Dr. Selvey's collegiate teaching experience spans from 2004 to the present. At the University of Washington (2009-2012), Dr. Selvey taught the UW Men’s Glee Club and UW Summer Chorale and guest lectured regularly to classes of 400 students. He was a Pre-doctoral Teaching Associate and also assisted in teaching undergraduate and graduate conducting and choral technique courses and served as assistant conductor to the top choral ensembles: University Chorale and University Chamber Singers. His conducting performance with University Chamber Singers of “In Lumine” by Guggenheim-winning composer Huck Hodge was well-received by composer, Chamber Singers, and audience alike. At Emory University (2006-2008), Dr. Selvey was instrumental in re-founding the Emory Women's Chorus, which he also conducted. He also co-conducted Emory Mastersingers. As a Graduate Assistant, he assisted with undergraduate music history and a graduate choral repertoire seminar. He also assisted the University Chorus and the Emory Concert Choir. At Moody Bible Institute (2005-2006), Dr. Selvey directed the Women's Concert Choir and the Handbell Ensemble, both of which toured twice and recorded a CD. While on faculty at Moody, Dr. Selvey also assisted the Music Department Chair in coordinating departmental affairs.
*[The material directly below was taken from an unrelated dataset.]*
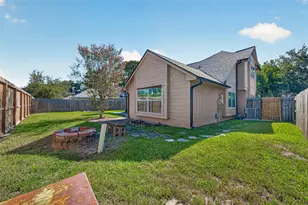 14715 Summerway Ln, Houston, TX 77014 - Photo 39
Dr. Selvey champions collaboration and a critical pedagogy philosophy and has overseen numerous projects with composers, dancers, visual artists, and community organizations. The "Brahms Requiem Project" is one of the most consummately collaborative projects Dr. Selvey has spearheaded. This weekend of performances for the benefit of the community involved collaboration among two conductors, two academic institutions, two religious institutions, Chorosynthesis Singers, and two pianists. Through his nonprofit Chorosynthesis, he is working on another composer-professional choir-conductor collaboration for March of 2016. Dr. Selvey's teaching also exemplifies collaboration. “Never Again…Once More” (summer 2011)—a student-centered production of a re-contextualized drama incorporating dance, acting, and challenging choral repertoire from opera, musical theater, oratorio—serves as an example of Dr. Selvey’s ability to empower students to make contributions to a great artistic cause. Chorosynthesis Singers' recent performance of 10 premieres with socially conscious themes ("Empowering Silenced Voices") has become the foundation for a multi-year project culminating in a double CD to be released by Centaur Records in 2017.
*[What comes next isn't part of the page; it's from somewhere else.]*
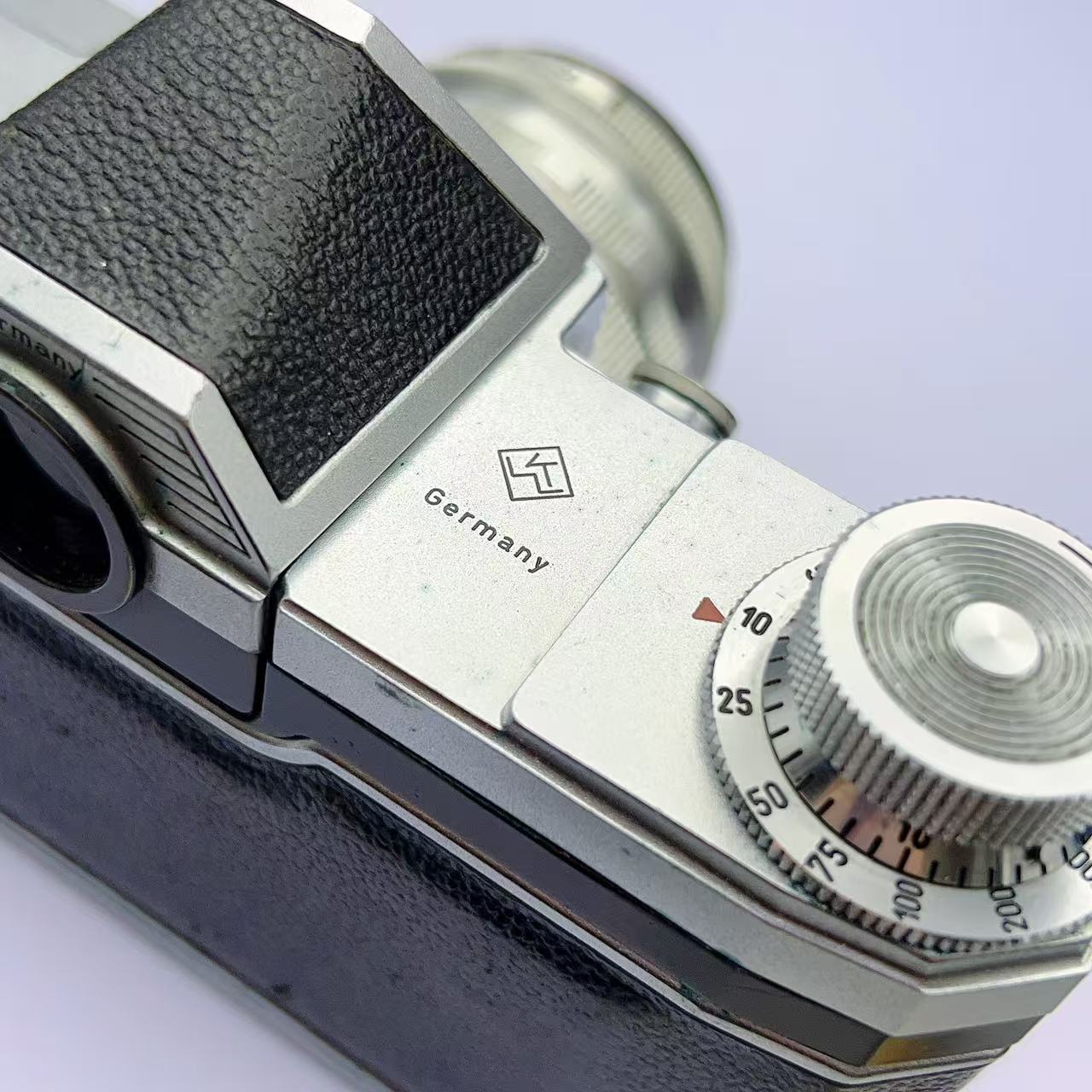 [Product=Camera][Brand=Kamera-Werke Niedersedlitz (KW)][Model=Praktina FX][Date=20250104][MD5=1dd04d5d375ba960fbcfdb44d22ac6b4].jpg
Dr. Selvey has performed solo oratorio and opera roles as baritone and countertenor, as well as a chorister in academic and professional settings, including a world premiere opera role, as well as a world premiere solo role with chorus. In addition, Dr. Selvey has performed numerous solo recitals and in many master class performances. Selvey's roles have included solo roles in multiple Renaissance masses, several Bach cantatas and motets, Bach's Magnificat, Handel's Messiah, several Schubert masses, Brahms' Ein deutsches Requiem, Faure's Requiem, Mendelssohn's Elijah, and Messiaen's Cinq Rechants. In 2007, he performed in England with the Tallis Scholars. Dr. Selvey is also a beloved vocal coach and private instructor of more than 15 years and recently taught successful students of both classical and musical theater majors at Southern Illinois University and Blackburn College. He currently teaches beginning piano and voice for the Thames Valley Music School in New London, Connecticut.